Eat Pray Love is a film with picturesque locations, empty words and characters who could have been, but aren’t. It’s not just a disappointing watch – it’s plain boring, where characters are caricatured, events stereotypical and ideas unrealistic. The film, made after the runaway success of the original Elizabeth Gilbert memoir and an Oprah recommendation, has Gilbert (Roberts) playing the victim of the big C.
Not that big C. Pfft! If only this movie could go that deep. The lone remotely traumatic event in its two hours is an unthawed turkey for the Thanksgiving dinner. The protagonist, I meant, is a commitment-phobe, though the movie would want you to believe it’s the men who run away. A self-important woman sobs for no apparent reason, then divorces her husband (Crudup), rushes in and out of a rebound romance (Franco), travels the world for pleasure (Rome, random Indian small town and Bali) and finally finds love in Felipe (Bardem). It’s worse than it sounds.
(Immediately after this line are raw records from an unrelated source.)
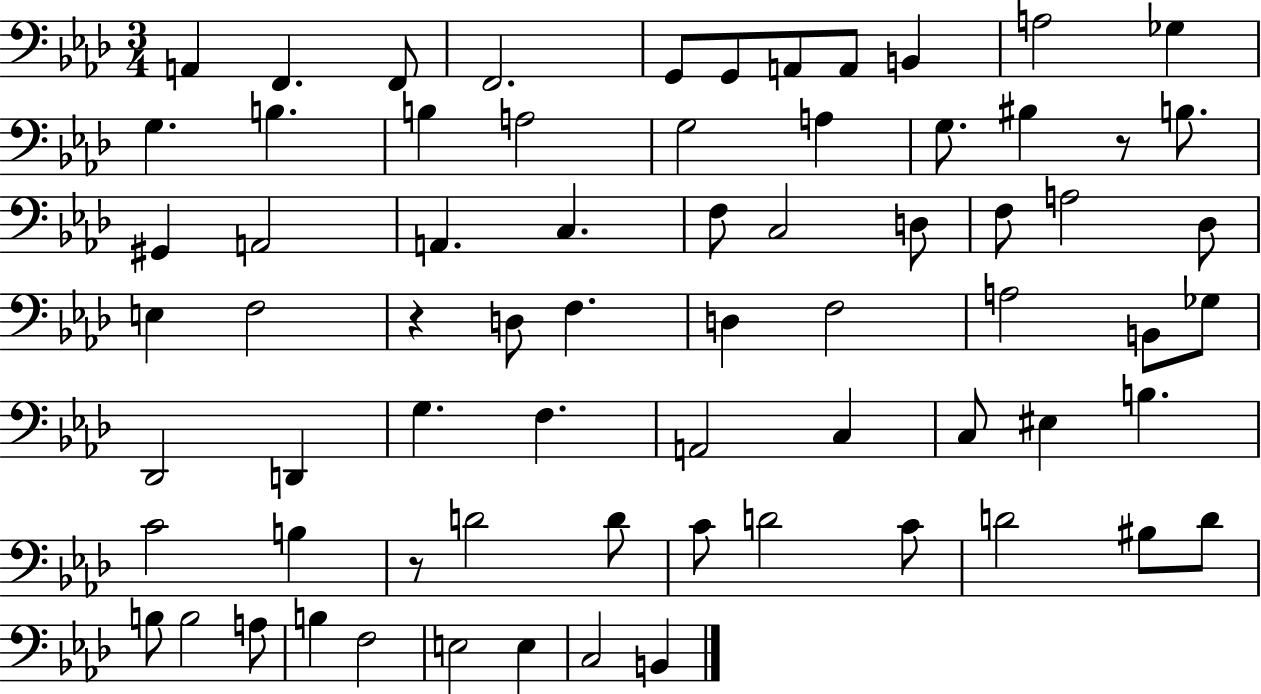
X:1
T:Untitled
M:3/4
L:1/4
K:Ab
A,, F,, F,,/2 F,,2 G,,/2 G,,/2 A,,/2 A,,/2 B,, A,2 _G, G, B, B, A,2 G,2 A, G,/2 ^B, z/2 B,/2 ^G,, A,,2 A,, C, F,/2 C,2 D,/2 F,/2 A,2 _D,/2 E, F,2 z D,/2 F, D, F,2 A,2 B,,/2 _G,/2 _D,,2 D,, G, F, A,,2 C, C,/2 ^E, B, C2 B, z/2 D2 D/2 C/2 D2 C/2 D2 ^B,/2 D/2 B,/2 B,2 A,/2 B, F,2 E,2 E, C,2 B,,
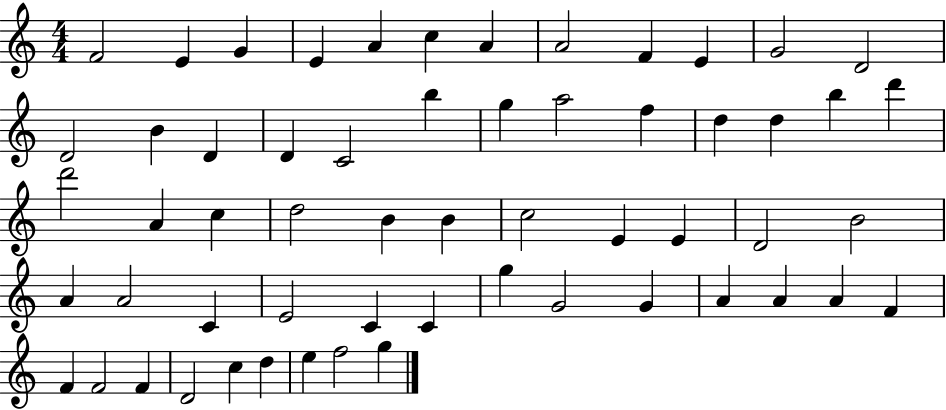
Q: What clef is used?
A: treble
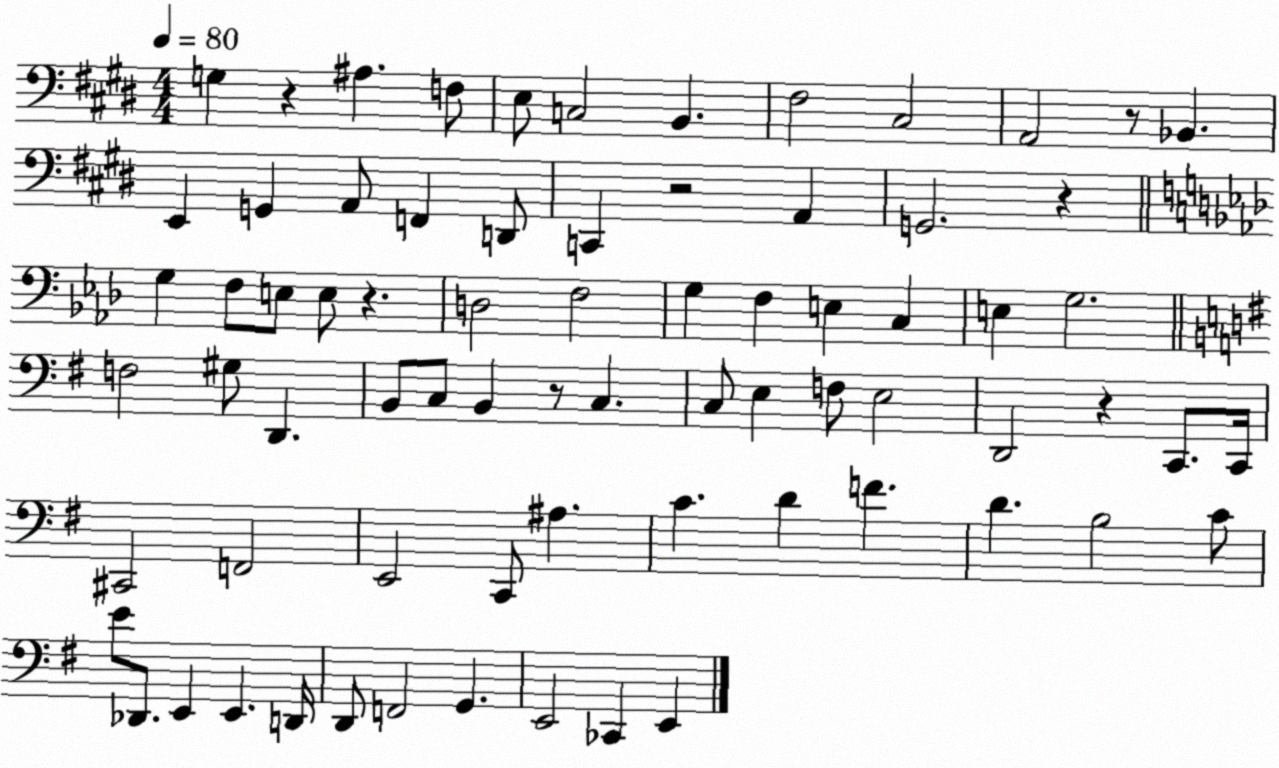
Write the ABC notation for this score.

X:1
T:Untitled
M:4/4
L:1/4
K:E
G, z ^A, F,/2 E,/2 C,2 B,, ^F,2 ^C,2 A,,2 z/2 _B,, E,, G,, A,,/2 F,, D,,/2 C,, z2 A,, G,,2 z G, F,/2 E,/2 E,/2 z D,2 F,2 G, F, E, C, E, G,2 F,2 ^G,/2 D,, B,,/2 C,/2 B,, z/2 C, C,/2 E, F,/2 E,2 D,,2 z C,,/2 C,,/4 ^C,,2 F,,2 E,,2 C,,/2 ^A, C D F D B,2 C/2 E/2 _D,,/2 E,, E,, D,,/4 D,,/2 F,,2 G,, E,,2 _C,, E,,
With a story the audience already liked, two Academy Award winning actors (Roberts and Bardem) and Brad Pitt (producer, but still!), the film had in fact a lot going for it before release. Robert’s comeback to the industry was hugely anticipated and her conversion to Hinduism while shooting upped the hype a great deal. But the end product falls flat on its face with the story’s lack of coherence. Gilbert bleats (incessantly) like a lost lamb who’s forgotten that she deserted the herd. And even if you would rather gaze at the picture perfect frames the movie is bursting at its seams with – gorgeous food in Rome, crowded streets in India and the quiet beauty of Bali – you really can’t cut out the bleating for long.
Storytelling 101? Conflict and resolution. This film’s climax happens so unexpectedly that you begin to doubt the existence of any conflict at all. Which is why the makers should probably pull out an old DVD of Under the Tuscan Sun (2003) based on Frances Mayes’ memoirs and starring Diane Lane. A story on almost identical plot lines, Lane’s poignant portrayal is of a woman who learns she can be right and wrong. Something Gilbert does not. While she does go through the motions of self discovery, her heart and soul are far away in the busy streets of New York, probably working out an advance on her soon-to-be bestseller.
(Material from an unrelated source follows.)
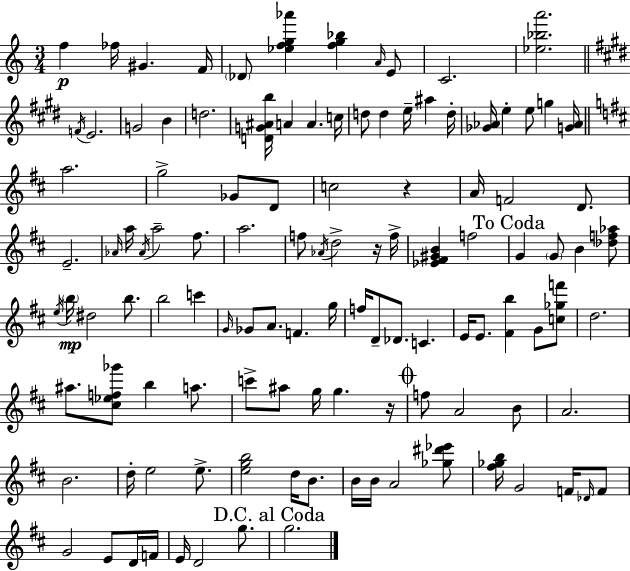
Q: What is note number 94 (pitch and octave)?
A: F4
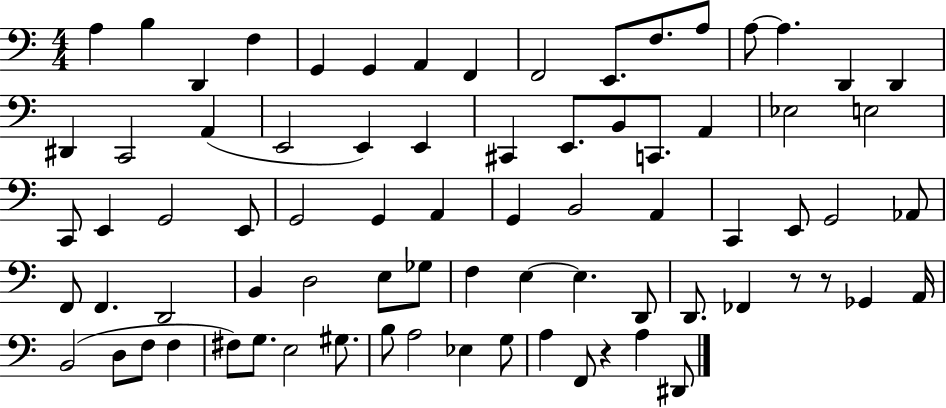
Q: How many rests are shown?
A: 3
Gilbert’s search “for everything in Italy, India and Indonesia” is eventually, just about the ‘I’. Eat Pray Love fails to even be a saccharine dripping love story. The worst kind of film at the end of which you want your money back.
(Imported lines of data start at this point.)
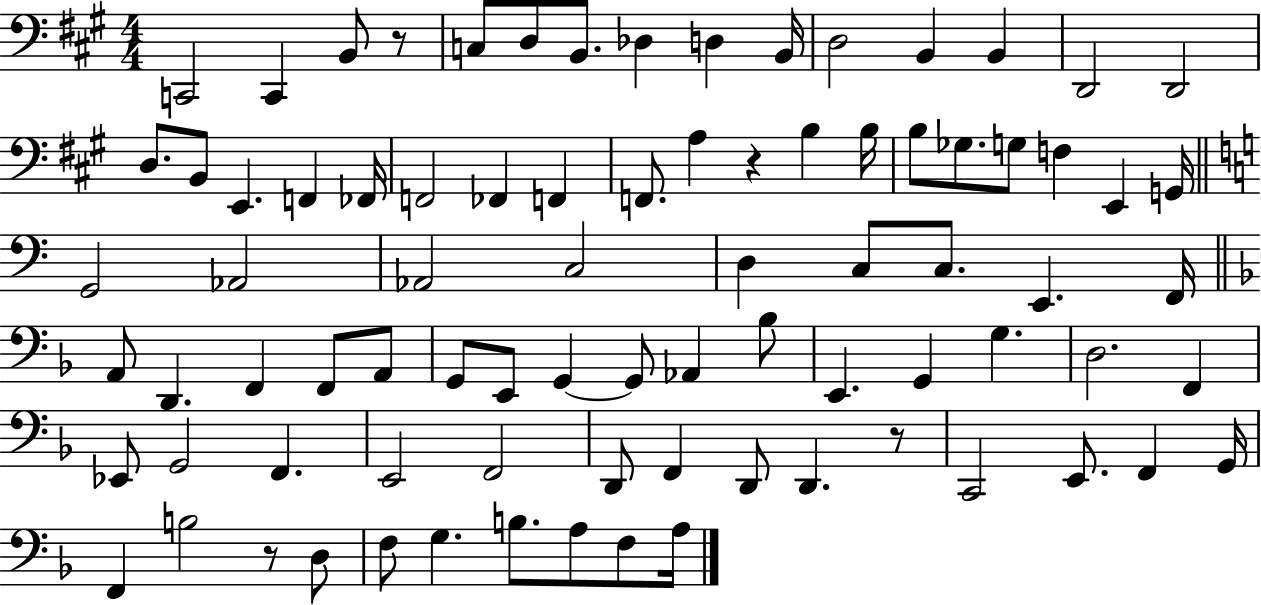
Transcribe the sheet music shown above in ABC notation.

X:1
T:Untitled
M:4/4
L:1/4
K:A
C,,2 C,, B,,/2 z/2 C,/2 D,/2 B,,/2 _D, D, B,,/4 D,2 B,, B,, D,,2 D,,2 D,/2 B,,/2 E,, F,, _F,,/4 F,,2 _F,, F,, F,,/2 A, z B, B,/4 B,/2 _G,/2 G,/2 F, E,, G,,/4 G,,2 _A,,2 _A,,2 C,2 D, C,/2 C,/2 E,, F,,/4 A,,/2 D,, F,, F,,/2 A,,/2 G,,/2 E,,/2 G,, G,,/2 _A,, _B,/2 E,, G,, G, D,2 F,, _E,,/2 G,,2 F,, E,,2 F,,2 D,,/2 F,, D,,/2 D,, z/2 C,,2 E,,/2 F,, G,,/4 F,, B,2 z/2 D,/2 F,/2 G, B,/2 A,/2 F,/2 A,/4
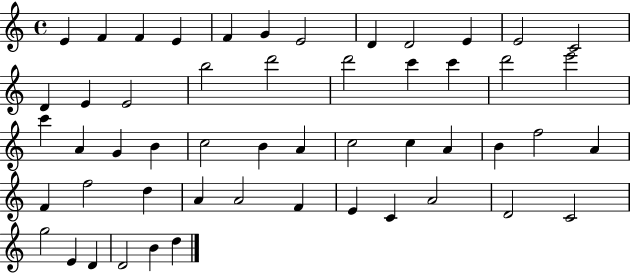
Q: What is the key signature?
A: C major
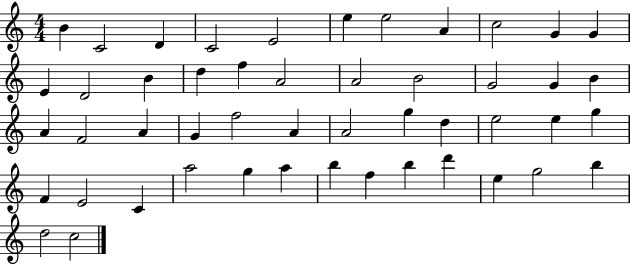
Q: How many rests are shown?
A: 0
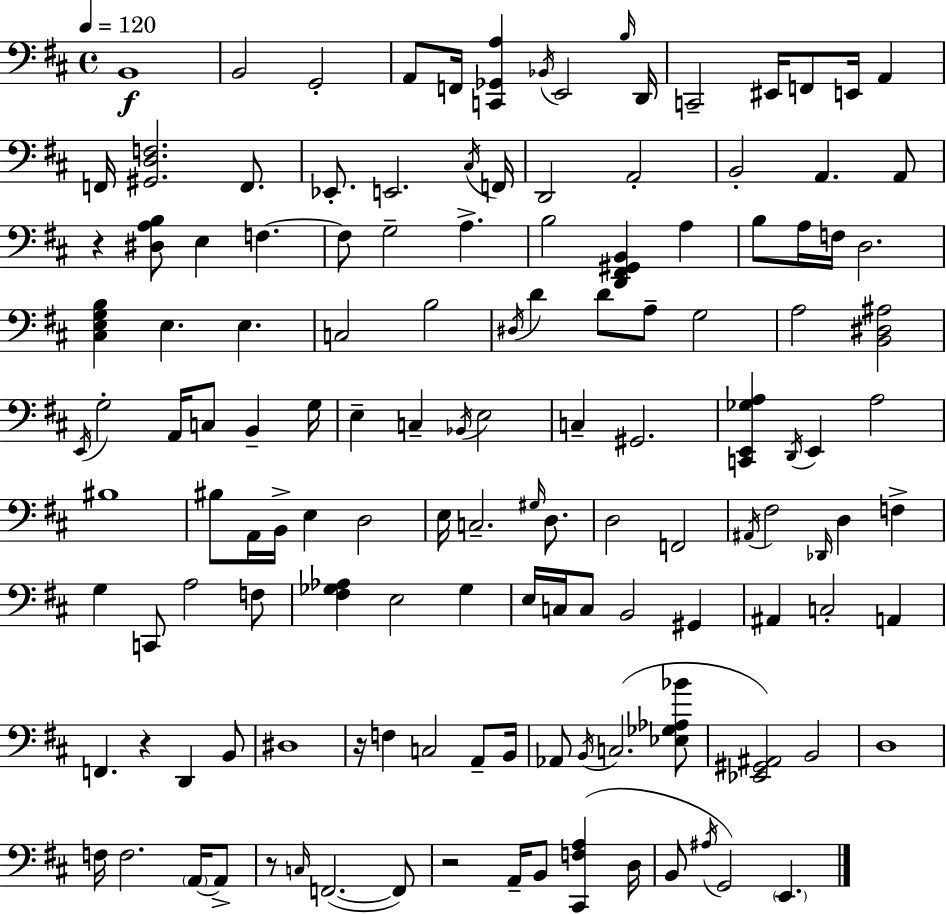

So it’s both a thumbs down and up for one of the most awaited films of 2010. Down because it reinforces the notion of books making bad screenplays. And up because only a really bad film like this can make you appreciate a good one.

1 comment:

  1. All said and done, I am still wondering, why were all these men going gaga over Julia Roberts.. she looks toooooo old in the movie :)
    Anyway, a nice review.. however, instead of demotivating me, it motivated me to watch the movie in order to c tht how bad can it get.. nd u r spot on tht only a really bad film like this can make you appreciate a good one.